An antibody produced by an HIV-positive patient has been found to neutralize 98 percent of all HIV strains it was pitted against, including most of those resistant to other antibodies of the same class.
Antibodies are chemical compounds produced by the immune system to deal with pathogens such as bacteria or viruses. They function by binding to them to either neutralize or flag them for disposal by white blood cells. One of the biggest hurdles our bodies have to overcome in creating an efficient HIV antibody is the virus’ ability to rapidly adapt and overcome whatever is thrown at it. So these substances usually see a limited timeframe of efficiency against the virus, after which it morphs becoming untouchable again.
But a new antibody isolated by the US National Institutes of Health (NIH) called N6 has shown it can maintain its ability to recognize HIV even as the virus changes and breaks away from it. It is also an estimated 10 times more potent than VRC01, an antibody in the same class, which has passed to phase II clinical trials on human patients after protecting monkeys against the virus for six months.
“The discovery and characterisation of this antibody with exceptional breadth and potency against HIV provides an important new lead for the development of strategies to prevent and treat HIV infection,” said Anthony S. Fauci from the US National Institute of Allergy and Infectious Diseases.
N6 was tested on 181 different strains of HIV and destroyed 98% of the samples, including 16 out of 20 strains immune to other antibodies of its class. For comparison, VRC01 is only effective against 90% of HIV strains. N6 brings not only a wider scope but also much greater potency, the researchers report.
“Of those antibodies being considered for clinical development, there are examples of antibodies that are extremely broad but moderate in potency (e.g. 10E8 or VRC01) or extremely potent and less broad (e.g. PGT121 or PGDM1400).”
“However, the discovery of the N6 antibody demonstrates that this new VRC01-class antibody can mediate both extraordinary breadth and potency even against isolates traditionally resistant to antibodies in this class.”
One size fits all
To see what makes N6 so good at overcoming the shifting defenses of the virus, the team tracked its behavior over time as it interacted with HIV. They found the antibody targets bits of the virus which stay similar throughout different strains, not those which are prone to change — such as the V5 region. By binding to this area, N6 prevents the virus from infecting the host’s immune cells — which makes HIV-positive individuals’ defenses crumble, developing into AIDS, the acquired immune deficiency syndrome.
“N6 evolved such that its binding was relatively insensitive to the absence or loss of individual contacts typically found in the VRC01 class,” the team reports.
While there are some mutations of HIV that are resistant to N6, they rarely developed. This suggests that the virus doesn’t have as much time to react to the antibody as it has with other treatments scientists are exploring.
“The rare occurrence of N6 resistance mutations suggests that such mutations come at a relatively high fitness cost, which might represent a partial barrier to the selection of resistant mutants,” they explain.
So far, N6 has only been tested in lab settings. Until the results can be re-created in vivo on live human trials, the team recommends we remain cautiously optimistic.

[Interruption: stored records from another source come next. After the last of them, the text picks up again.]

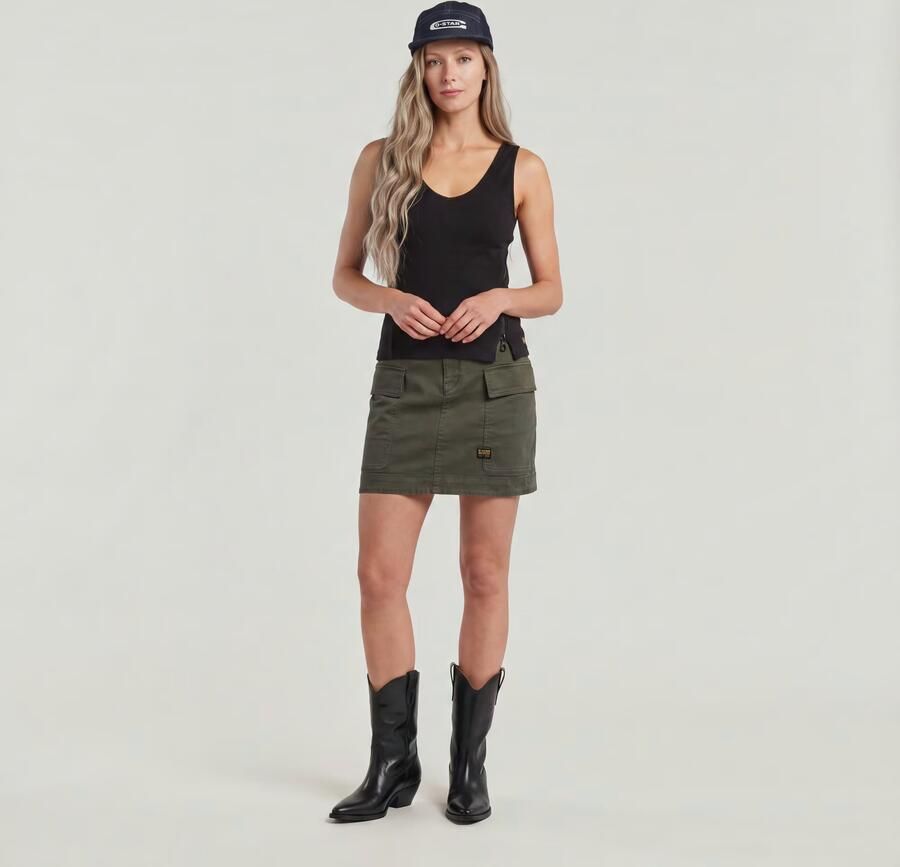 G-Star RAW Short Cargorok Grijs Dames - Foto 4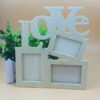 Wooden Hollow Love Photo Frame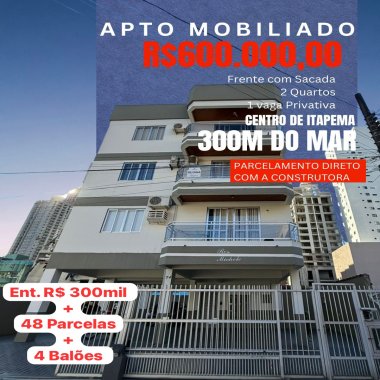 🚨OPORTUNIDADE/APENAS 300M DO MAR NO CENTRO DE ITAPEMA🚨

Of course, these results have so far only been demonstrated in the lab, so until we see the same levels of success in actual human trials, we need to remain cautiously optimistic. However, given recent breakthroughs by UK researchers, who managed to completely flush HIV out of a patient’s system and those of a German team’s gene-snipping approach, a reliable cure for HIV/AIDS may be just around the corner.
The full paper “Identification of a CD4-Binding-Site Antibody to HIV that Evolved Near-Pan Neutralization Breadth” has been published in the journal Immunity.